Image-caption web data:
···

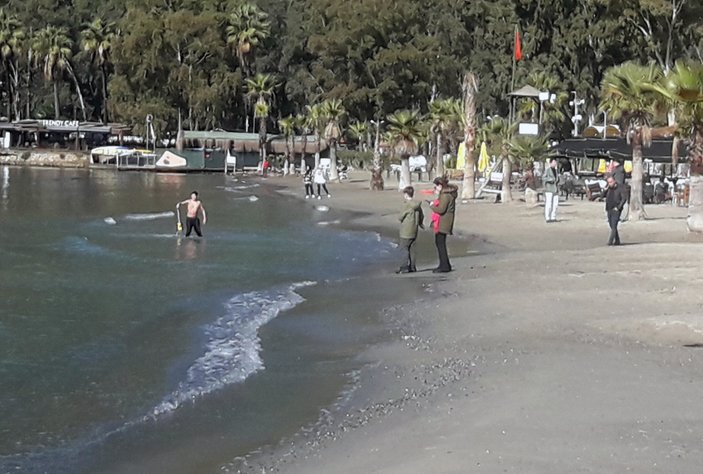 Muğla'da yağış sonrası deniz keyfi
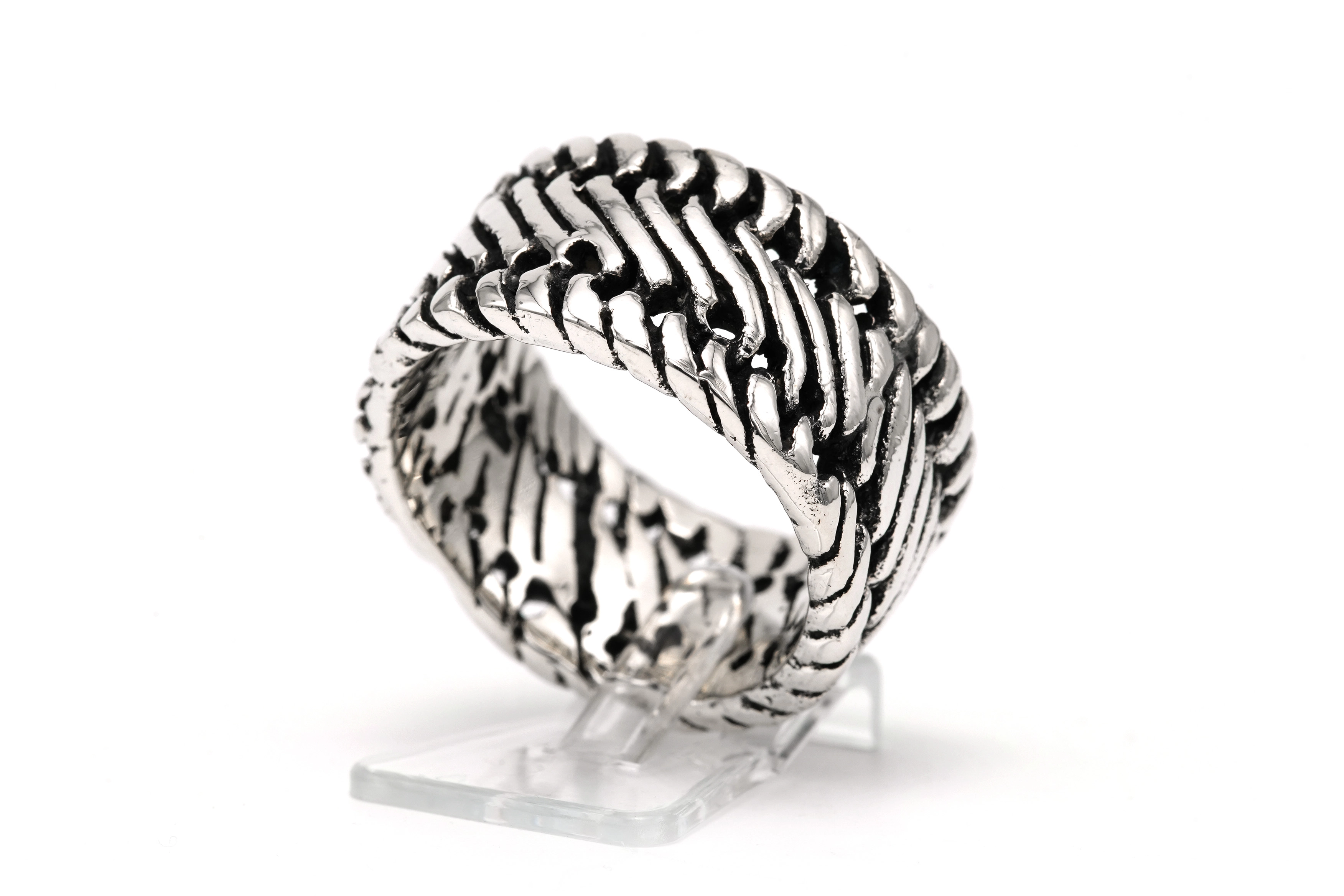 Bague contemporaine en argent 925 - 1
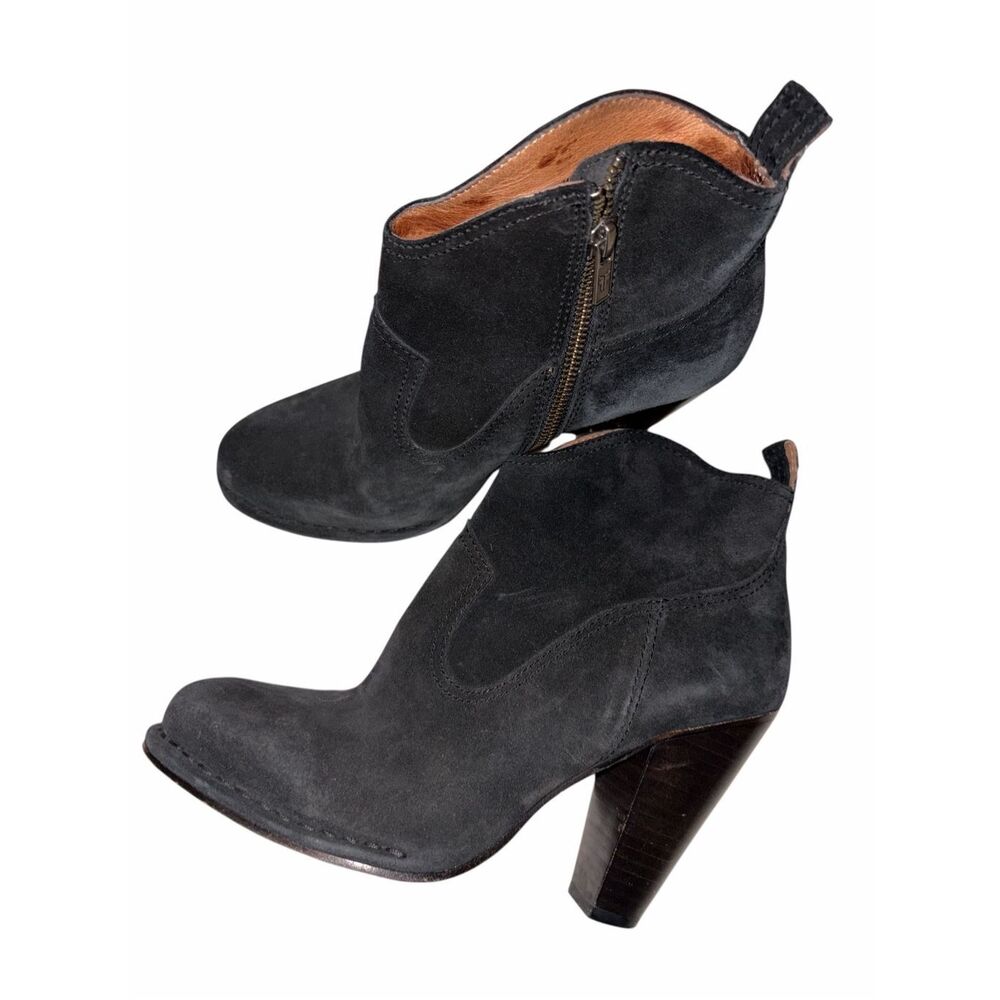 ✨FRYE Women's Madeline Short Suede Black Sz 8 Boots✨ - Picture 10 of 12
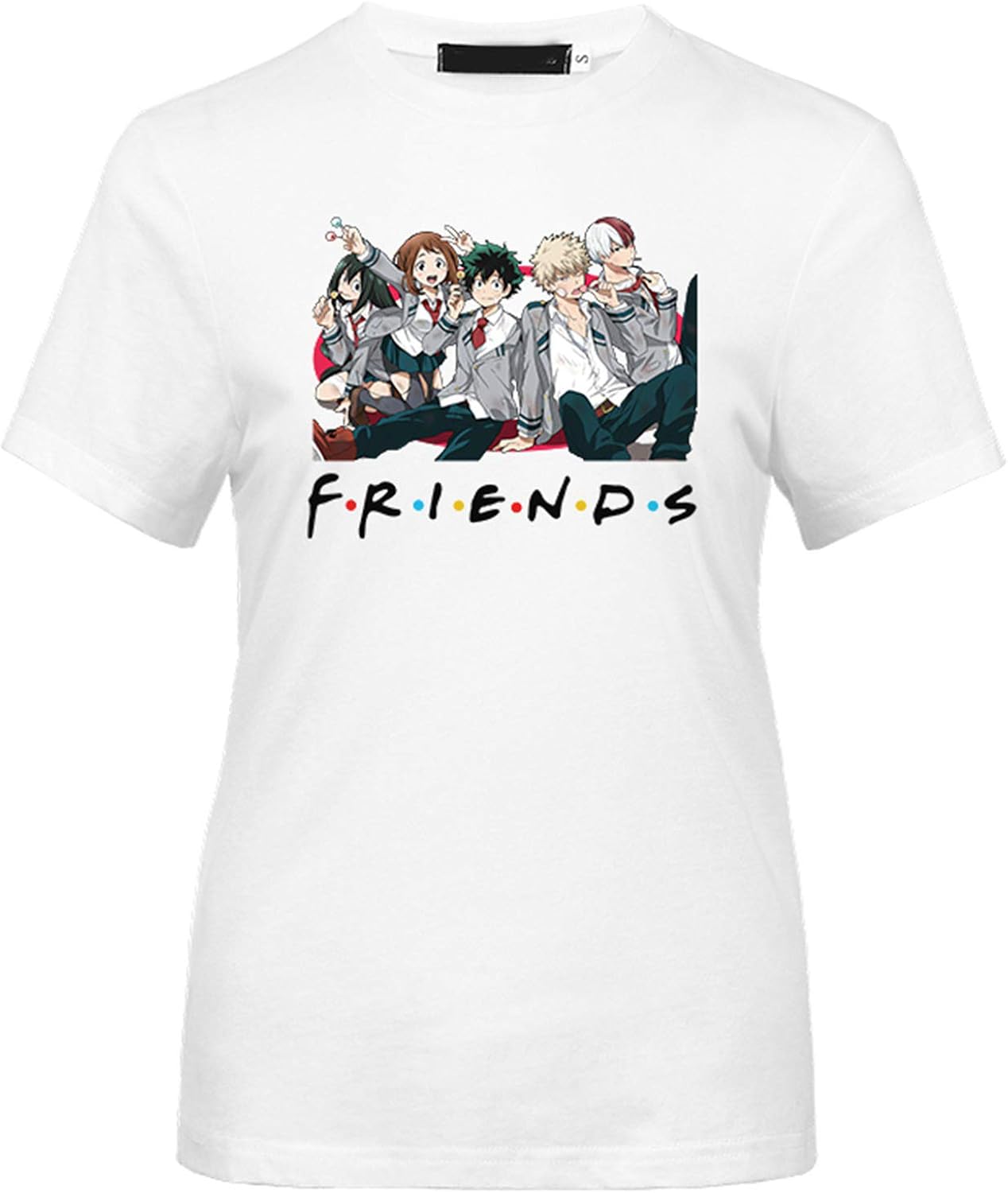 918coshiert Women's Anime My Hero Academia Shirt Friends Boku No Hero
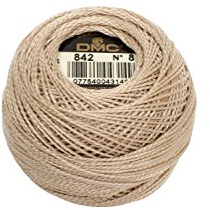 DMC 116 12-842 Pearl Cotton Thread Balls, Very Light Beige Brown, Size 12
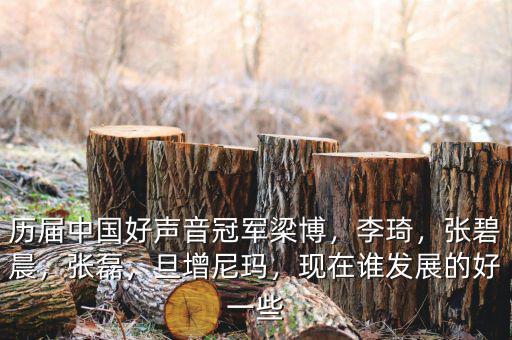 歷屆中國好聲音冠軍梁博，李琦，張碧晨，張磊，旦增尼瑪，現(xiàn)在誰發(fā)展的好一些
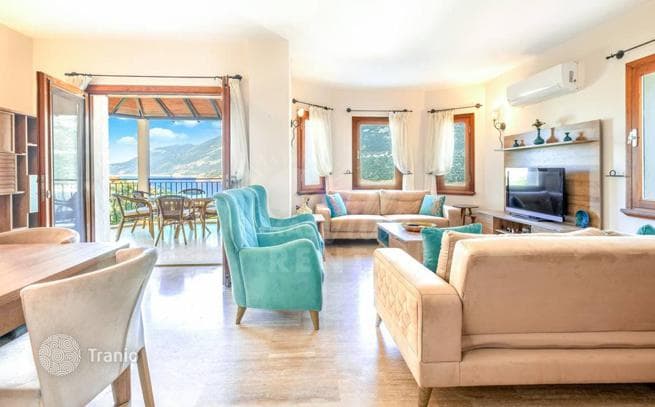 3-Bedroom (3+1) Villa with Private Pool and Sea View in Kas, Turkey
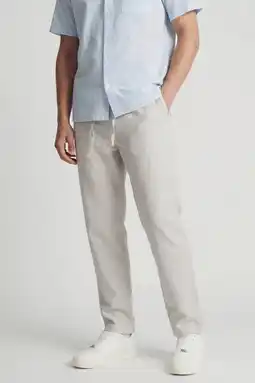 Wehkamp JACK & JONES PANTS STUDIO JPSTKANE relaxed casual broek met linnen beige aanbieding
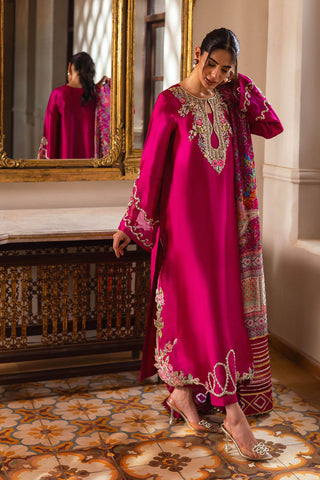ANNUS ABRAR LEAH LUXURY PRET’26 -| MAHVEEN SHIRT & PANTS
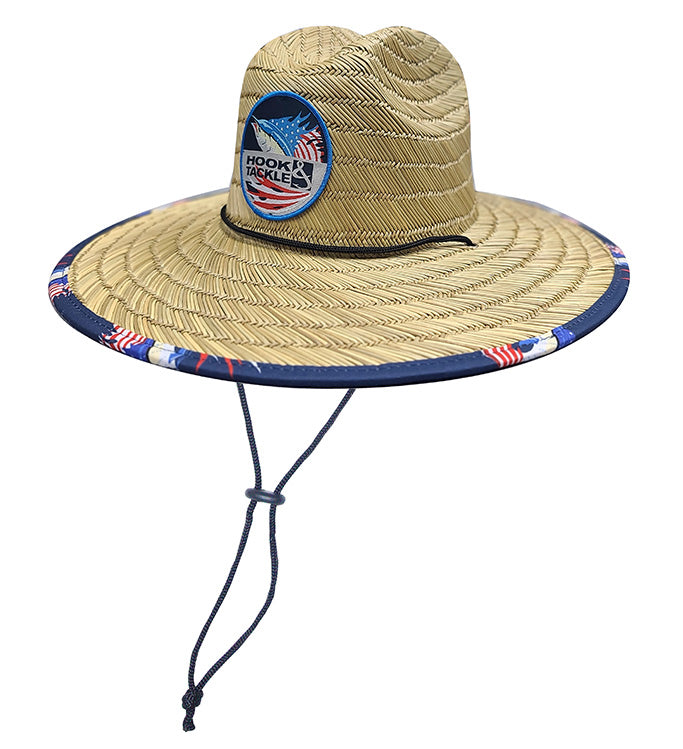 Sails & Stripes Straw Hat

···

*TASK BRIEF*
Copy out, without any pictures, the lines of the records above from the one containing "Picture 10 of 12" through the final line, both ends included.

*SOLUTION BELOW*
 ✨FRYE Women's Madeline Short Suede Black Sz 8 Boots✨ - Picture 10 of 12
 918coshiert Women's Anime My Hero Academia Shirt Friends Boku No Hero
 DMC 116 12-842 Pearl Cotton Thread Balls, Very Light Beige Brown, Size 12
 歷屆中國好聲音冠軍梁博，李琦，張碧晨，張磊，旦增尼瑪，現(xiàn)在誰發(fā)展的好一些
 3-Bedroom (3+1) Villa with Private Pool and Sea View in Kas, Turkey
 Wehkamp JACK & JONES PANTS STUDIO JPSTKANE relaxed casual broek met linnen beige aanbieding
ANNUS ABRAR LEAH LUXURY PRET’26 -| MAHVEEN SHIRT & PANTS
 Sails & Stripes Straw Hat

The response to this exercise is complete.